The debate about what these core principles should be is still ongoing – but in the meantime the CIPD has come up with the following list of eight ‘lenses’ practitioners can look through to help inform and guide their decision-making (you can read more detail in the CIPD report ‘From Best to Good Practice HR: Developing Principles for the Profession’)
It’s an interesting exercise to think about how you might use these ‘lenses’ in the course of your daily working life – when designing a new performance appraisal programme, putting together a succession plan or thinking about the best way to recruit top talent. And it’s perhaps equally interesting to think about whether the Board would apply the same principles when undergoing a merger, implementing a restructuring or planning for some kind of major change programme.
1. Well-being Lens:
This is based on the idea that workplaces should promote well-being in its widest sense, not just because it increases employee productivity or productivity, but as an outcome in itself. Work should provide individuals with autonomy and happiness.
2. Rights Lens:
Individuals shouldn’t be treated simply as a means to an end. People have a right to be protected from harm and to have a choice over what happens to them. In the workplace, this means the right to be treated with dignity and respect.
3. Merit Lens:
Workplaces should be designed to guarantee equal opportunities based on individual talent and hard work, rather than irrelevant characteristics such as gender, race, sexuality and social class.

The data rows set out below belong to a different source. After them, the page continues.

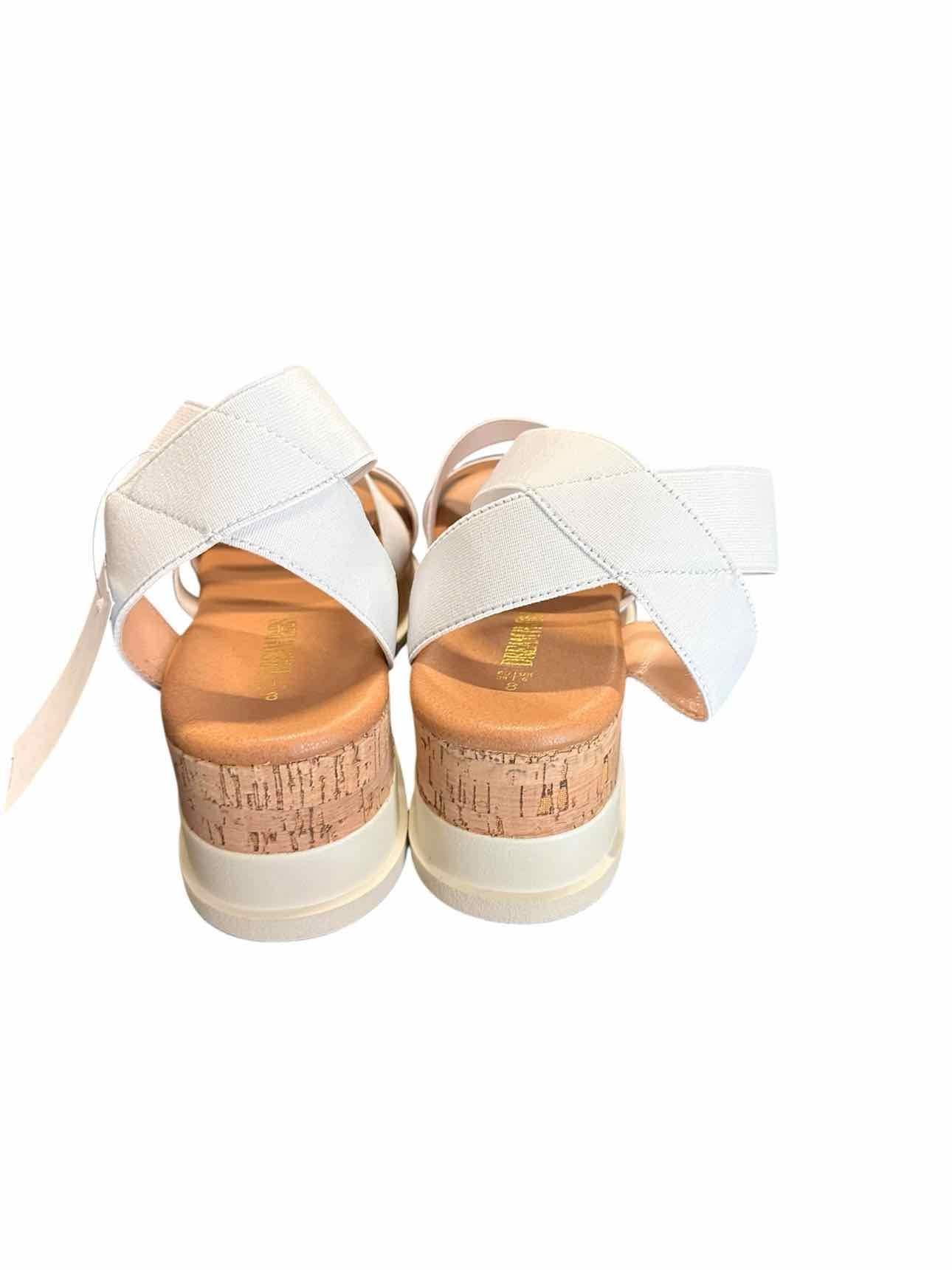 Dream Pairs White Shoe Size 7.5 Sandals **NEW**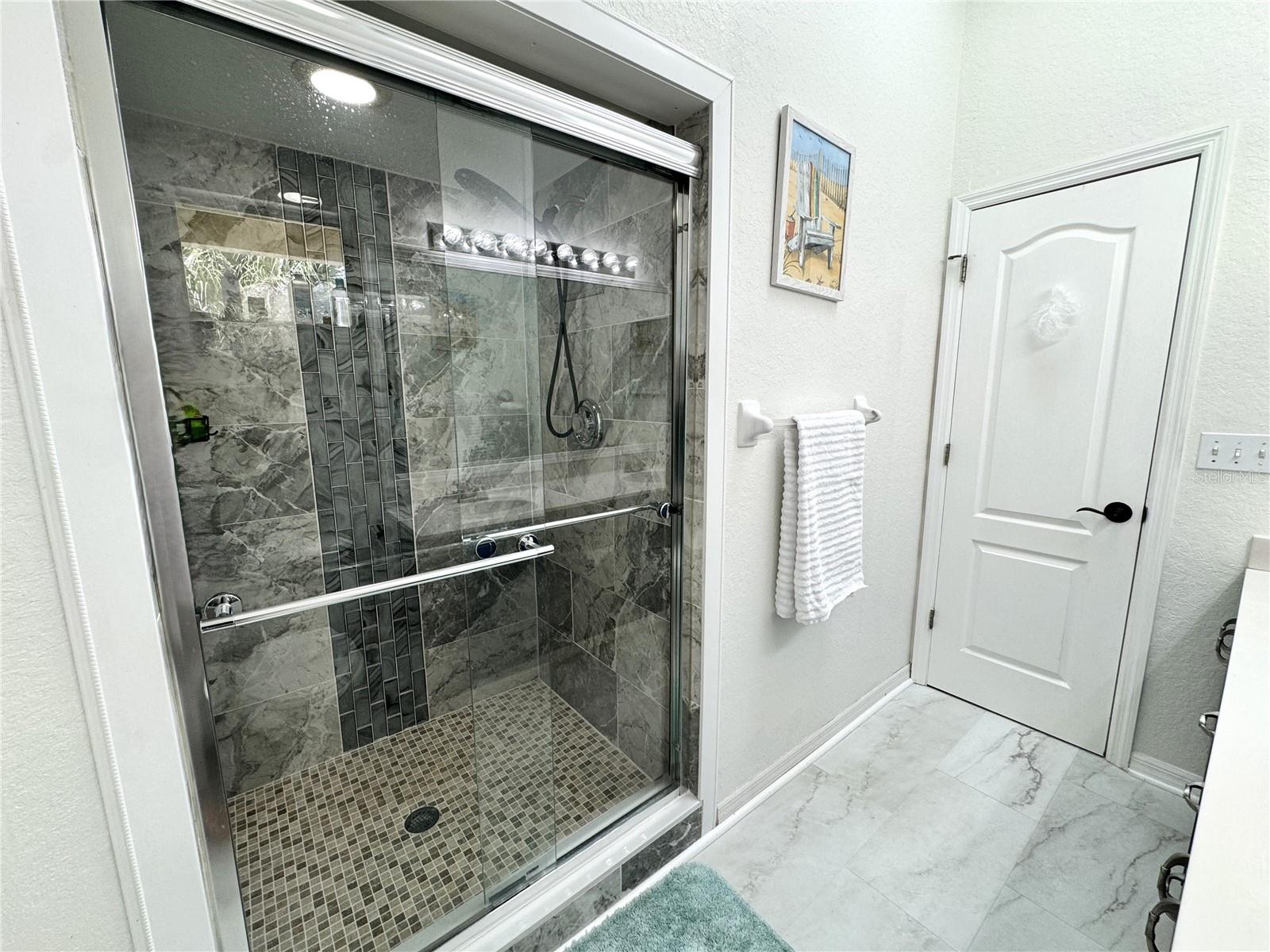 ASHLEY DOWNS - Residential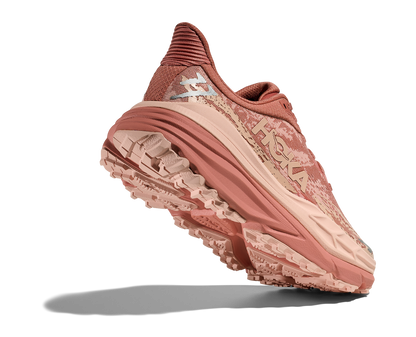  dammodell. Hybridsko för alla underlag. En av Hokas stabilaste skor med pronationsstöd. En väldämpad sko som avlastar rygg och knä. Färgen här är rosa och beige. 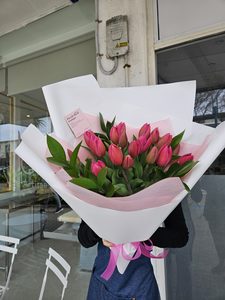 EB37 TULIP BOUQUET - Flavells Floral Boutique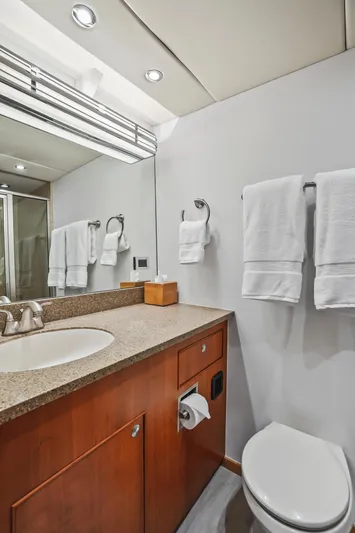 Island Soul Yacht Photos Pics Bunk Room Head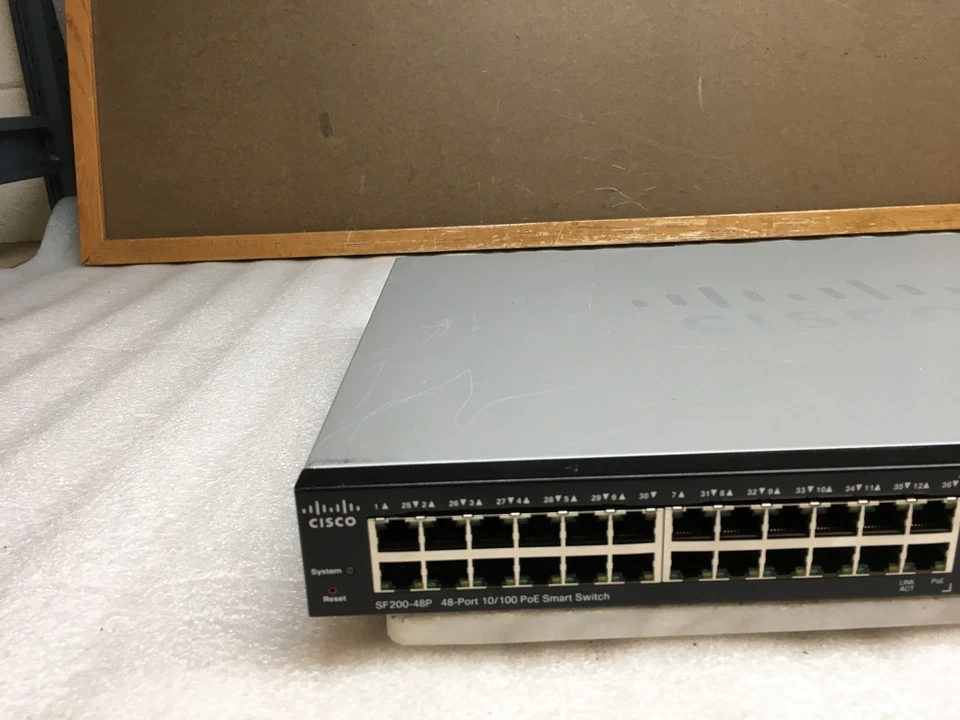 Smart Switch PoE 10/100 48 Ports Cisco Small Business SF 200-48P SLM248PT V02 - Image 2 of 4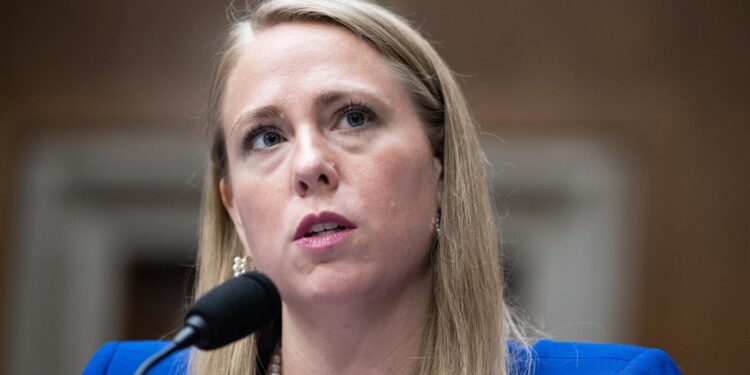 La EEOC de Trump rescinde la guía sobre acoso que cubre a todos: NPR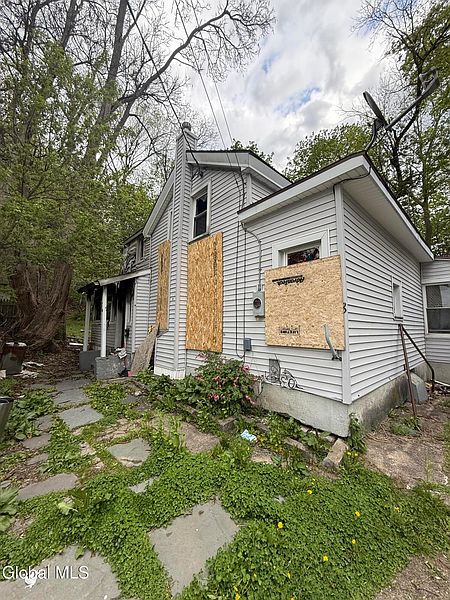 2nd image of 8 Keating Avenue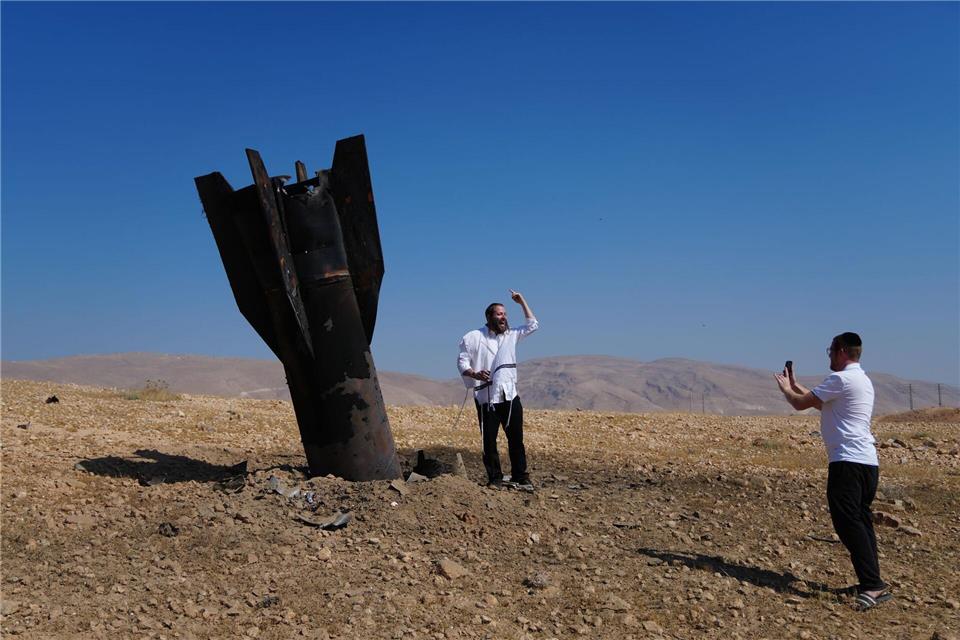 US-Präsident Trump hatte zuvor auf seiner Plattform Truth Social den Iran und Israel aufgefordert, die Angriffe sofort einzustellen.Mahmoud Illean/AP/dpa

4. Fairness as Justice Lens:
In practice, not everyone is able to compete based on their merit. People have unequal access to education and development, for example, and don’t have the same ‘power’ to argue their cause independently. Workplaces should be designed with an eye to those who might end up being the worst off as a result of the decision.
5. Market Lens:
Rather than distributing benefits based on ability and need, people should get what they can freely negotiate. Some people are lucky enough to have scarce qualities and ability to negotiate freely to command higher wages, for example. Others are unfortunate to end up with less, even though they may be no less worthy.
6. Democracy Lens:
People should be able to influence the decisions that affect them. Workplaces should give a right of voice to everyone whose interests are at stake and implement procedures for agreeing decisions collectively.
7. Character Lens:
Decision-makers should demonstrate integrity, despite circumstances that might require compromising the principles. Making choices in a difficult situation is about not following a rule, but doing the ‘right’ thing, something a ‘decent person’ would do.
8. Handing Down Lens:
The long term interests of people, organisations and society are more important than short-term gains. Workplace decisions should look to preserve the past and support the future interests of the people, the business and the communities.
What’s your view? Do you think the eight lenses would help you raise the bar on HR practice in the business? Or do you think some of the principles are unlikely to be embraced by senior leaders who are focused on commercial realities?